2. Transactional RPC Handlers
This one should be kinda easy to grok. Recall our inventory management microservice that has two “procedures” (i.e. functions): “addInventory( )” and “deductInventory( )”.
When a client calls “deductInventory( )”, this request is initially read by an “RPC Handler” that, typically, lives in the same microservice. This RPC handler then routes the request to the exact procedure requested by the client.
Restate bestows our RPC handlers with transactional guarantees. Transactional systems are those that prioritise data consistency and integrity. For example, my inventory management service better be right, as otherwise, I might charge a customer for dad hats that I no longer have.
One way that transactional systems are achieved is via the concept of “atomicity”. This means that either my entire “transaction”: deduct inventory > charge customer’s card > send confirmation email works, or none of it does and the flow rolls-back accordingly.
As we learned earlier, Restate can persist transaction state.

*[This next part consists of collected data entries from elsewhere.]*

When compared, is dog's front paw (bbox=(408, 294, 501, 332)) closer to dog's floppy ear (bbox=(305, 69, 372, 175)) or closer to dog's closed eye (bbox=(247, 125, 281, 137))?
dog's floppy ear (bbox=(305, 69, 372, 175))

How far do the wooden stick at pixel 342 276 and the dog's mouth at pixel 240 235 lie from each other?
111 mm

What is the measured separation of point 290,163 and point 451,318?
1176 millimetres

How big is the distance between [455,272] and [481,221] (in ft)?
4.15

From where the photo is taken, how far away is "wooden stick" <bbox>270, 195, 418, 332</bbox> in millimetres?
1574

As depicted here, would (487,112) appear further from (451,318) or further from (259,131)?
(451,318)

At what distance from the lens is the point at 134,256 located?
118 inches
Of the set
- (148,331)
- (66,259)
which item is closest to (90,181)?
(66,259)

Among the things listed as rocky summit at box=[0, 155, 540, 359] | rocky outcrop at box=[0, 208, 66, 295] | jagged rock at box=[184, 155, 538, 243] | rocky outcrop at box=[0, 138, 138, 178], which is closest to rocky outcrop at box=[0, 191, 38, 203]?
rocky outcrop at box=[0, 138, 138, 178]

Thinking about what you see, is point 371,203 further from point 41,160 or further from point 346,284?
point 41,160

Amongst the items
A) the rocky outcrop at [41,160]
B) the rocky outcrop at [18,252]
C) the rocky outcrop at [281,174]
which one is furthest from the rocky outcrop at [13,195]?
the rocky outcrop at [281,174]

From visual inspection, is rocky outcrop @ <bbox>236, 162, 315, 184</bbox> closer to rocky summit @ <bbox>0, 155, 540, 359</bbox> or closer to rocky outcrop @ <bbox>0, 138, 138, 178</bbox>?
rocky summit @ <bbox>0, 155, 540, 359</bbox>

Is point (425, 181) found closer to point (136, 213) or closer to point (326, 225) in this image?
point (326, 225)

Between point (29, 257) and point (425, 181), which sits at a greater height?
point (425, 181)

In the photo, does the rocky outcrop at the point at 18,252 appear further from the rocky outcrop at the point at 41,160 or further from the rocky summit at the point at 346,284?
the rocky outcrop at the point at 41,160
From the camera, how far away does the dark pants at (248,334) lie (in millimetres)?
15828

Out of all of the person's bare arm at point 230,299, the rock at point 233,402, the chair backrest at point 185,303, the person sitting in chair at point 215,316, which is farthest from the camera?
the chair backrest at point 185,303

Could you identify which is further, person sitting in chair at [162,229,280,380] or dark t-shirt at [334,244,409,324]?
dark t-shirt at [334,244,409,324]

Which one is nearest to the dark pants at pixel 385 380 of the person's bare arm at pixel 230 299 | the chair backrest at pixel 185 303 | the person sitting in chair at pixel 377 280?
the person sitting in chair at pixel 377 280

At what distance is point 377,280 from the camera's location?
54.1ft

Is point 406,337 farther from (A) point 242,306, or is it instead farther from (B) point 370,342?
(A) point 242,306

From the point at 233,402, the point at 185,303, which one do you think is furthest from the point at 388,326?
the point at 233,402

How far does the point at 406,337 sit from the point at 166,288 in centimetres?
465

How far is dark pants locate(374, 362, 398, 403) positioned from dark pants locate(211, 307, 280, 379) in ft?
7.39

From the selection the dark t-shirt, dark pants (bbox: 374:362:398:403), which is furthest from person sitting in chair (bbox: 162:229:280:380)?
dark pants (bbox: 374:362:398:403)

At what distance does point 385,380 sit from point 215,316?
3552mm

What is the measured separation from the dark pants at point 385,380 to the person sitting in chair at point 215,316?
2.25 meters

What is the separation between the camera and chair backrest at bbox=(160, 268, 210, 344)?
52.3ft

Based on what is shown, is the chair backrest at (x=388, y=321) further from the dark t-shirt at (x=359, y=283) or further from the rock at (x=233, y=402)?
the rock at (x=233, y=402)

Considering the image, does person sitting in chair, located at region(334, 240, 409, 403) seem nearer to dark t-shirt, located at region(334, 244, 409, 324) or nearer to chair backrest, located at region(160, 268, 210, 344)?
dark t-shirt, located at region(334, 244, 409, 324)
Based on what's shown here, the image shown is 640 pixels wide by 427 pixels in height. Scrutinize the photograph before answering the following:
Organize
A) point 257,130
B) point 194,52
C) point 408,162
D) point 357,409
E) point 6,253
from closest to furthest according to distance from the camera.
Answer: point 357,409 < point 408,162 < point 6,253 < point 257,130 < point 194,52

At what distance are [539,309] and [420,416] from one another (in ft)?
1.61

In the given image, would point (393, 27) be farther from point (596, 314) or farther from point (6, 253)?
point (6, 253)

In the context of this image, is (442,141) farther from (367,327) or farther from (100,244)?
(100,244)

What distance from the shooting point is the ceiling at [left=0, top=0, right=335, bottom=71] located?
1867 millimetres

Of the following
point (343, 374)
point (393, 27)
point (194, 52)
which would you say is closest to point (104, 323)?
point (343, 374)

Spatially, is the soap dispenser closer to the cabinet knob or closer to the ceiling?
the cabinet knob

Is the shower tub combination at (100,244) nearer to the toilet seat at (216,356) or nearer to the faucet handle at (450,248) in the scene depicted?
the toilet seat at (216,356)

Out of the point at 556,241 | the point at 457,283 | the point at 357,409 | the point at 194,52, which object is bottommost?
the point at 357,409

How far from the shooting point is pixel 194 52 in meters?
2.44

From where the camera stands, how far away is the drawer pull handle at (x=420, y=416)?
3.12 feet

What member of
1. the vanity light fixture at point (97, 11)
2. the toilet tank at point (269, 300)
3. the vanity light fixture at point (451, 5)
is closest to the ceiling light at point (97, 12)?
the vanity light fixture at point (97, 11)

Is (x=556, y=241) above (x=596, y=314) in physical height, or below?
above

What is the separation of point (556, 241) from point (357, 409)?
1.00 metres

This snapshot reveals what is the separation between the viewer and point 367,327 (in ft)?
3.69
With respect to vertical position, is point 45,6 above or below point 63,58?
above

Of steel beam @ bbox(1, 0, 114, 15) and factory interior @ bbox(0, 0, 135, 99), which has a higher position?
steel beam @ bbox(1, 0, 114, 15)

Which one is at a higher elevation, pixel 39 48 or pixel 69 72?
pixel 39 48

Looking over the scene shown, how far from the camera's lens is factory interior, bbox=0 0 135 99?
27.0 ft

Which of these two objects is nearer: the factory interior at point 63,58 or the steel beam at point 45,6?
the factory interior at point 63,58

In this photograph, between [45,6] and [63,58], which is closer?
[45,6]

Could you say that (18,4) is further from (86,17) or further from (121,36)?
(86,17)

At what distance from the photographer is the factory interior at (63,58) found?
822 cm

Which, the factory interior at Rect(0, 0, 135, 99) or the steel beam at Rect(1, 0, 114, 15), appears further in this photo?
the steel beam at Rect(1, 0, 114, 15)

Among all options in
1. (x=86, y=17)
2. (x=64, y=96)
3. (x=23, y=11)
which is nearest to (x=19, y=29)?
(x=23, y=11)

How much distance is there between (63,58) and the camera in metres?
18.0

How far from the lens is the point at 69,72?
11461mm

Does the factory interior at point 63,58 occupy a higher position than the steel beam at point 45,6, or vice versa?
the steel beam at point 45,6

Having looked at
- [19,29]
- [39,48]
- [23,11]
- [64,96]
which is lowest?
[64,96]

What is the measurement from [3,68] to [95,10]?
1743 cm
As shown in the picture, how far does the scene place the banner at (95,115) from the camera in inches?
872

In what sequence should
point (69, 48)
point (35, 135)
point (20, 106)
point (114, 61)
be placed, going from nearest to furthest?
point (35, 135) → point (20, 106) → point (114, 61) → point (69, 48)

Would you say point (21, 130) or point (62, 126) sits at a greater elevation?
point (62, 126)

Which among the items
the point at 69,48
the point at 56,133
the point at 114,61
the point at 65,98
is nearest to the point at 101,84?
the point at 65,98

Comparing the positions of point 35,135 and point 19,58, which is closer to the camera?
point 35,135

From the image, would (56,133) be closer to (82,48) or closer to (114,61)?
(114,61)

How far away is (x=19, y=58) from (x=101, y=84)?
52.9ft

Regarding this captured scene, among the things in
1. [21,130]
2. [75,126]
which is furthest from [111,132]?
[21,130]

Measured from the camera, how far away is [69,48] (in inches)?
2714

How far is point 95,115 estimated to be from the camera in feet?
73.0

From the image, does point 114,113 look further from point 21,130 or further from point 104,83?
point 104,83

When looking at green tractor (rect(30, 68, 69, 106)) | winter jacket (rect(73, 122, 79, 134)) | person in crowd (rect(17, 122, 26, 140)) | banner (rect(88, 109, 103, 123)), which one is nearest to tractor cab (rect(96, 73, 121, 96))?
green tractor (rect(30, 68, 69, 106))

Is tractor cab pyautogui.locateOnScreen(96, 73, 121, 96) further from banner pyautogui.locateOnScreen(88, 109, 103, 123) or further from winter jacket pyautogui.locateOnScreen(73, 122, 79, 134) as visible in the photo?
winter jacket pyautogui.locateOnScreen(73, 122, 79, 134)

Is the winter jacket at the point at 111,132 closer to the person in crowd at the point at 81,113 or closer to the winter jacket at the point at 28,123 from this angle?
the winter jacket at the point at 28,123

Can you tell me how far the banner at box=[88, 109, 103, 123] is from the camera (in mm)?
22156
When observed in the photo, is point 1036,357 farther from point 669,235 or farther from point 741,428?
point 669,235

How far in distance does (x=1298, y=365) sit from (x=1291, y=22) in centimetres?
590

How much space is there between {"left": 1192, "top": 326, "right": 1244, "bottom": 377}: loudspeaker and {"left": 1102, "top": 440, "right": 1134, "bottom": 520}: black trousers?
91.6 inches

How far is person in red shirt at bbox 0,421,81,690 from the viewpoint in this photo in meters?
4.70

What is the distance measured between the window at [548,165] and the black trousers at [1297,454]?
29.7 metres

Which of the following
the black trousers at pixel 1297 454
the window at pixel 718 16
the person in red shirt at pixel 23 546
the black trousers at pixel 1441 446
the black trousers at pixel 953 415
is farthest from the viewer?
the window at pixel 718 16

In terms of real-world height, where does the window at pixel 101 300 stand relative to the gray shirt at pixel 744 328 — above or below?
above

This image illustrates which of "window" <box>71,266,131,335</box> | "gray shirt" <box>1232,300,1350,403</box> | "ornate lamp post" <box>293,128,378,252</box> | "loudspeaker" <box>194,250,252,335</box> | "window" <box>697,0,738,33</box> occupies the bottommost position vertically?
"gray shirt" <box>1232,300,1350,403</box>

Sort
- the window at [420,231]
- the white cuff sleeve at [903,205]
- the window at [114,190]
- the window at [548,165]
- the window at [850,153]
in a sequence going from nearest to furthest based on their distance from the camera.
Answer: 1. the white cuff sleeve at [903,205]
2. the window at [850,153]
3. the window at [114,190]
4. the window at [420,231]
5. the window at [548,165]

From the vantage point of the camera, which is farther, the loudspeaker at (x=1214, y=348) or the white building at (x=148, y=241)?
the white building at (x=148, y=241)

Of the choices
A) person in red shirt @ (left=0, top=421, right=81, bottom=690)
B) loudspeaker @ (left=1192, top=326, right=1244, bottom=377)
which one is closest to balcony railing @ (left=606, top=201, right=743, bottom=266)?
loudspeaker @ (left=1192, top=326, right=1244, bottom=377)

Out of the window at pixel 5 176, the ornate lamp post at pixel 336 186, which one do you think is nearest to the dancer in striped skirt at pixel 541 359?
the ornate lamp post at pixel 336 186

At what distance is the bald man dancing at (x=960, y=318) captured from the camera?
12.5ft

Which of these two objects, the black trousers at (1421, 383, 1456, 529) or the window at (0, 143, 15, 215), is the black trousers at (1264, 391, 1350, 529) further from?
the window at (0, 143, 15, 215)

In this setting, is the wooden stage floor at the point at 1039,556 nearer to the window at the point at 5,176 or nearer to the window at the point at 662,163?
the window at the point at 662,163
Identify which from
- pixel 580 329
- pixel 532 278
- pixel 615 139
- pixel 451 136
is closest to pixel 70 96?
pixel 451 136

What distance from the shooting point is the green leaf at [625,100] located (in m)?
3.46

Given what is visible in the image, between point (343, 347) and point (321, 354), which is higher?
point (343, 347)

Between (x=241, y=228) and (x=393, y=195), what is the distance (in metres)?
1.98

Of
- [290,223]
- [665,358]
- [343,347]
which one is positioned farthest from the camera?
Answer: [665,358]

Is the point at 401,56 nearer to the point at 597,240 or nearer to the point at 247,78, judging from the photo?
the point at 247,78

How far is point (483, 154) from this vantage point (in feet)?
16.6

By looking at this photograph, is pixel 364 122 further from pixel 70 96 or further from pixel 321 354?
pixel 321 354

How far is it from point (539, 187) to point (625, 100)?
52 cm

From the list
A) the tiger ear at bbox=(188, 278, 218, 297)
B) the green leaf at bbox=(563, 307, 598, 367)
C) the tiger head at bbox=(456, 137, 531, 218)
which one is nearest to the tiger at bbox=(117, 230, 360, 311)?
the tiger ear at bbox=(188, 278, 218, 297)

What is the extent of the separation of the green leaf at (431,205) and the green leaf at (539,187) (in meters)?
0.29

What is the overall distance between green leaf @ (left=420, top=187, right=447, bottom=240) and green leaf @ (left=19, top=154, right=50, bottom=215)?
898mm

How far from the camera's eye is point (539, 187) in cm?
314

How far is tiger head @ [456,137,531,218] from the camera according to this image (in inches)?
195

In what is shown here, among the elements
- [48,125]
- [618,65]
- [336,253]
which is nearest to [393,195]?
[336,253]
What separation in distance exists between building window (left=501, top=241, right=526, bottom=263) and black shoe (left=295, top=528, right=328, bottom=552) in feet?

3. Event Processing with Kafka
We’ve already spent time understanding how event brokers build resiliency into their message transportation (e.g., “dead letter queues”). So, let’s not rehash this too much.
Basically, Restate sits as a proxy between your event broker (Kafka) and your event consumer. It brings the qualities of durable execution to event transportation.
At this point, you likely understand all of the above? If so, sweet. This stuff ain’t easy.
Software that comes as a “single binary”, is de rigueur in the event broker world of late. Not without good reason. Single binary software comes bundled with all of its dependencies; you can install Restate and get going.
Whereas, with Kafka for example, you need to also install the Java Runtime Environment, Kafka Command Line Tools, etc. It just takes more work.
Regarding the image on the right: gRPC (Google RPC), HTTP and Kafka are various protocols that we can use to transport messages/invocations to Restate. We have this down. OpenTelemetry I’ll deal with in a sec.
OpenTelemetry (or “OTel”) is an absolute game changer, I personally think it still doesn’t get enough airtime, but anyway.
OTel is an open source project that provides a set of APIs, libraries and agents to enable the collection of observability data (you guessed it, logs!). In microservices, “traces” document the sequence of messages/invocations that span across an application (e.g. each step in our inventory management flow).
It’s not lost on me that this primer on durable execution has been.. durably executing.. for a bit now. You all have Restate down. Sometimes one needs to exit( )
whilst they’re ahead (sorry).
As always, there’s so much more (coroutines! Warpstream! Flawless!) that I’d like to dig into here. However, the good news, readers, is that this primer is itself, a primer for what’s to come next.
I’ve wanted to put digital-pen to digital-paper on a “Every AWS Service Ever” post since the beginnings of Why Now. Post-studying the importance of “product atomicity”, now seems like no better time to do it.
10 primers down, and 11 more to come this year. Thank you for reading along, friends.